We Pay Much Less

My friend Douglas in London tells me that fund groups in his country are announcing increases in charges this year and he is horrified by the thought especially since I pay a much lower fee in the U.S. We're talking about investors like me who want to deal direct.

The fact is that across the pond any investor looking to plunk money into a collective investment fund, such as, say, a unit trust, will come up against a rather big initial fee plus annual charges that are in the stratosphere. Take this comparison. In London, an equity fund will carry an initial charge of some five percent. In the U.S., it's as little as zero because some one-sixth of mutual funds are no-load funds. In London, there will be an annual charge plus expenses of 1.63 percent. Compares this with a total expense ratio of 1.4 percent for the average U.S. fund and only 1.04 percent for a U.S. no-load fund.

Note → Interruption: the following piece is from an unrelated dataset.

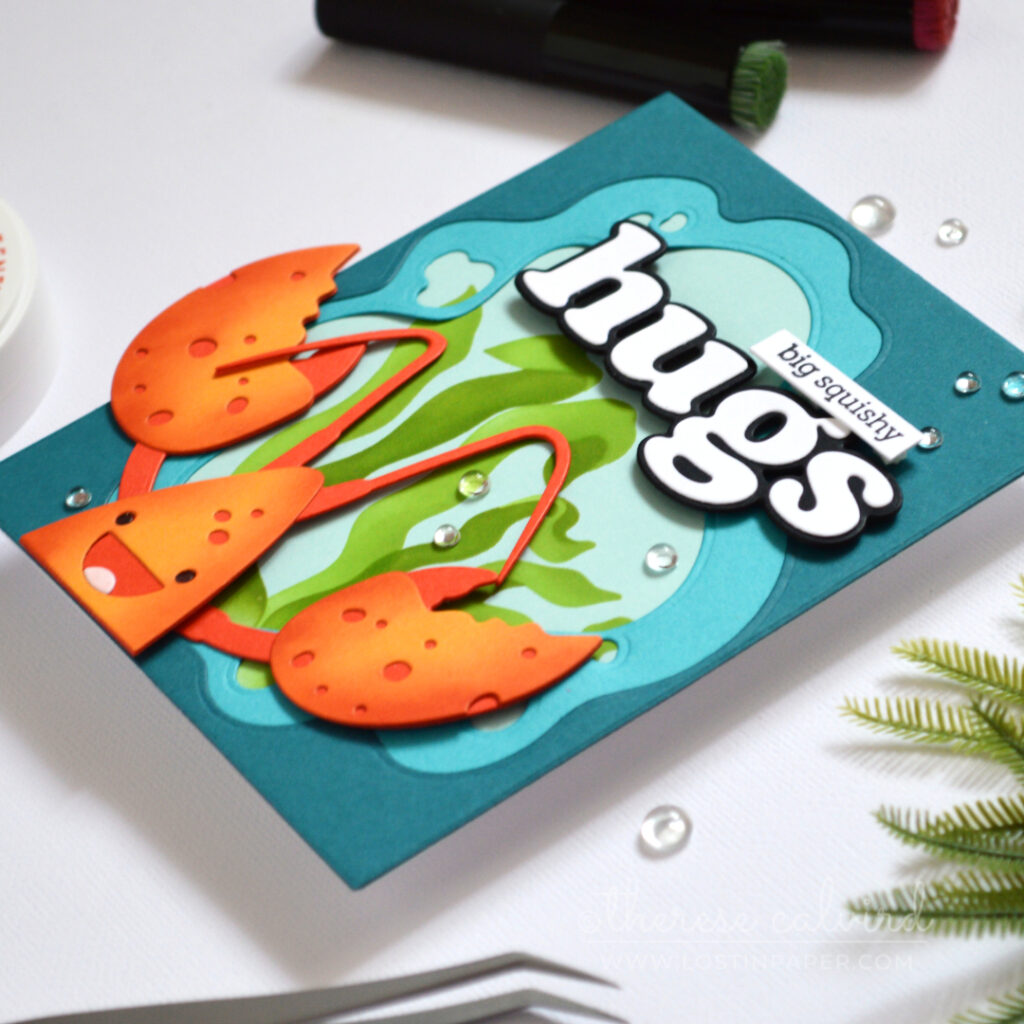 Handmade lobster hugs card with an ocean window frame, seaweed background, and large die cut sentiment.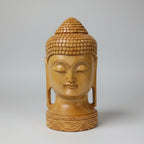 Close-up of the traditional Ushnisha topknot and textured hair pattern hand-carved by Jaipur artisans on a solid wood Buddha idol.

Translated, this means my friend Douglas, by investing $20,000 into a UK fund, will probably have some $2,700 incurred in charges over five years. For me, I would only be down about $1,000.

Lipper Fitzrovia compared annual charges of 11 U.S. fund groups that operate on both sides and found that the average total expense ratio for equity funds in the U.S. was 1.24 percent while in the UK it registered 1.73 percent. Why the difference? In the U.S., commission is not automatically built in so the total charges levied can be much lower. Not the case in London where some three percent of the typical five percent charge is earmarked for intermediaries that sell the products.

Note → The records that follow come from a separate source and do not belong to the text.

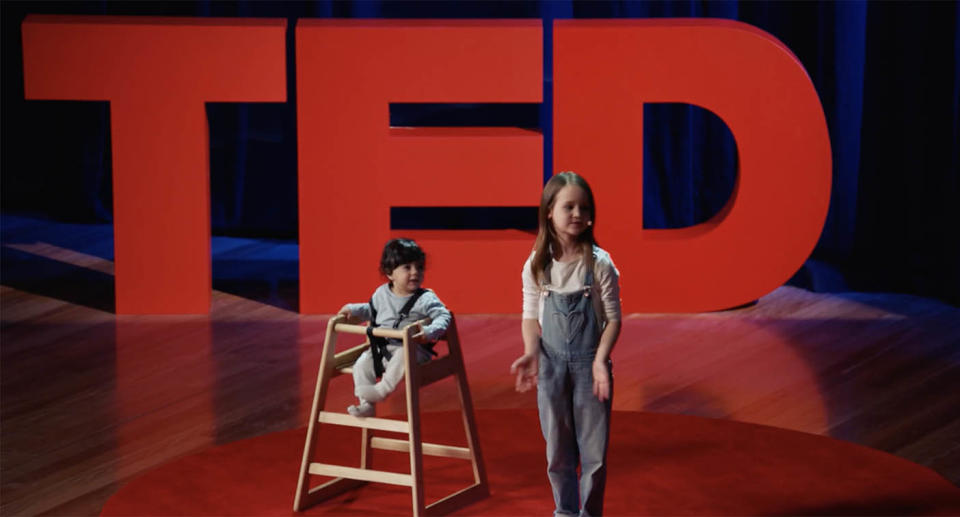 A screenshot from Molly Wright's TED talk showing her in front of th TED sign with her neighbour, baby Ari who she talked about in her talk.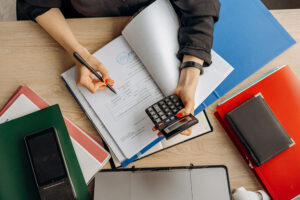 woman using a calculator to complete paperwork
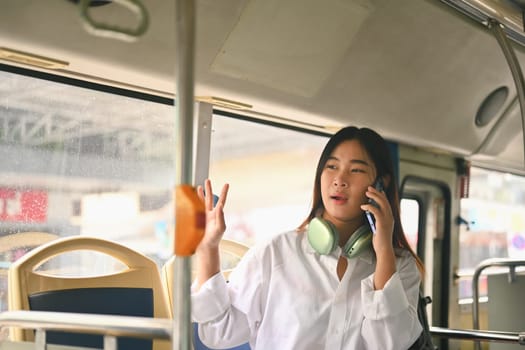 Young woman talking on mobile phone while traveling by bus. City life and transportation concept.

Even if you invest directly, with no intermediary such as an advisor, you still have to pay the full five percent charge plus the 1.5 percent annual charge in London. And that includes no advice whatsoever. We have it better here with access to literally thousands of funds with no initial charge and low annual charges.

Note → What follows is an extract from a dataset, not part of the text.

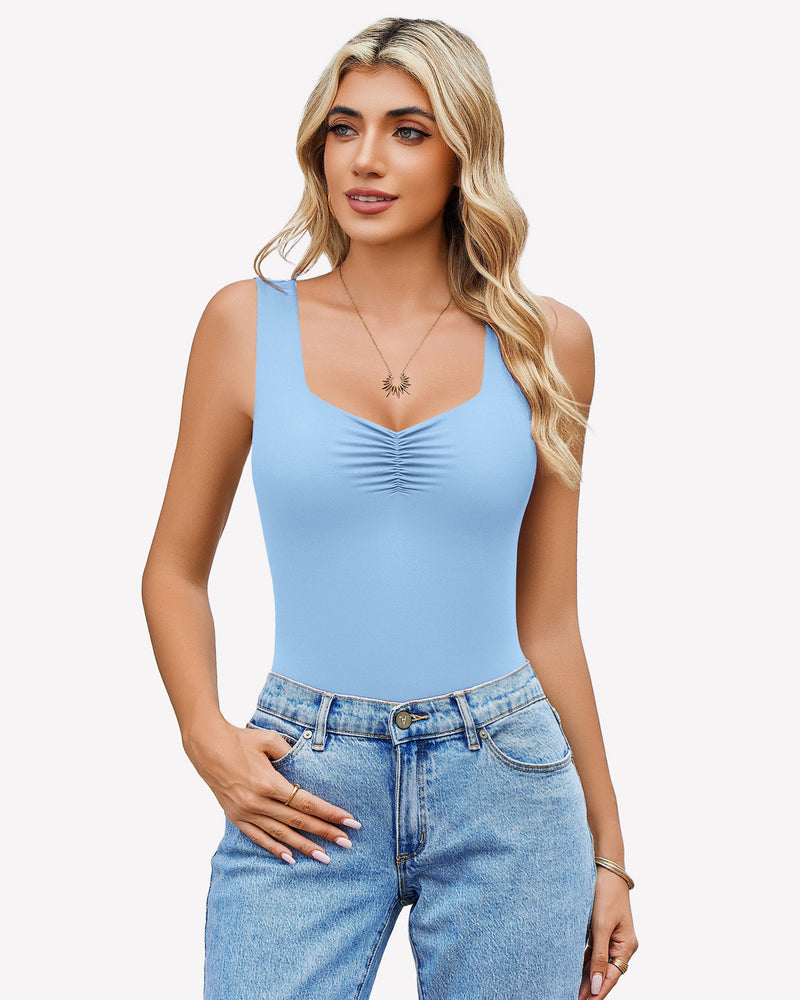 Sweetheart neckline bodysuit in light blue, paired with denim jeans, perfect for everyday wear.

Douglas wants to know why things don't change in the UK. Fairly simply to decipher. We have a greater choice here and investors who choose to buy their funds direct get a much better deal. After all, a typical U.S. mutual fund is worth some $1 billion, says Morningstar, while in the UK its value is around $200 million. That's quite a difference.

Finally, to Douglas's dismay, there is no incentive for his funds to change the current charge structure. Why should they? The funds rely more on intermediaries to act as distribution channels for their products than they do here.Want to move, Doug?